The breakthrough film opened doors for Ryan to make documentaries outside of the ski world — he covered challenging subjects like the Hell’s Angels and Salvador Dali.

Upon release, “Ski Racer” got a big screening in Denver, with Colorado Gov. John Arthur Love in attendance. In Aspen, the film had a less splashy opening but a longer cinematic life in the rotation of ski flicks that played at The Slope, a basement ski bum watering hole on Hyman Avenue in the 1970s.

Thursday’s presentation by the Bob Beattie Ski Foundation also includes “One for the Money,” a short film Ryan made during the World Pro Racing tour. It was produced by Fat City Films, which Ryan started with Aspenites Norm Clasen and Don McKinnon in 1973, chronicling the experiment of dual racing format.

Ryan’s “Karli” is a short documentary on the Austrian world champion and Olympic medalist Karl Shranz, following him through the 1970 World Cup season.

“The thing I learned, because it was so early in my career, was to be open with the people that you’re filming,” he said of the trio of films and their lessons for the young filmmaker. “To have a relationship with the subject, you have to be open to what they’re saying and not impose your vision on it.”

Ryan first came to Aspen in the winter of 1961-62. Fresh out of college, the Boston native had planned to spend the season ski racing in Stowe, Vermont. The resort was snowless, so he and a group of friends headed west and landed here.
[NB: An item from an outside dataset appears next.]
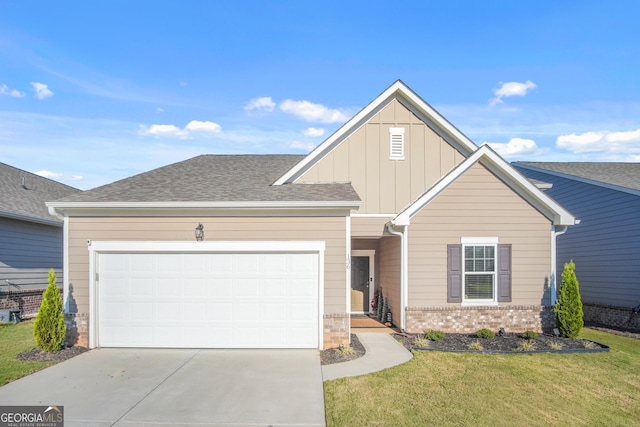 view of front facade featuring a garage and a front lawn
He returned for a few winters, bounced between Aspen and San Francisco, worked as a staff photographer for SKI magazine, then headed to film school at San Francisco State University.

After his early days making these ski-race films through the mid-70s, Ryan went on to a distinguished Hollywood career. He’s worked on acclaimed, visual stunners like Terrence Malick’s masterpiece “Days of Heaven,” Robert Redford’s “A River Runs Through It” and “The Horse Whisperer” (and occasionally he has hopped back into the ski world, serving as the cinematographer on “Hot Dog … The Movie” in 1984 and working on “Ski Patrol” in 1990). Both “Days of Heaven” and “A River Runs Through It” won the Academy Award for Best Cinematography.

The ski films helped Ryan begin to develop the aesthetic sensibility that he brought to feature films later on, he said, and taught him how to deal with nature’s fickle ways.

“You have to be very aware of what’s happening in front of you and be able to use that,” Ryan explained. “You don’t always have control. So you can either be frustrated and say, ‘I wish it was this way,’ or you can deal with what’s happening with the light or whatever and make it work for you.”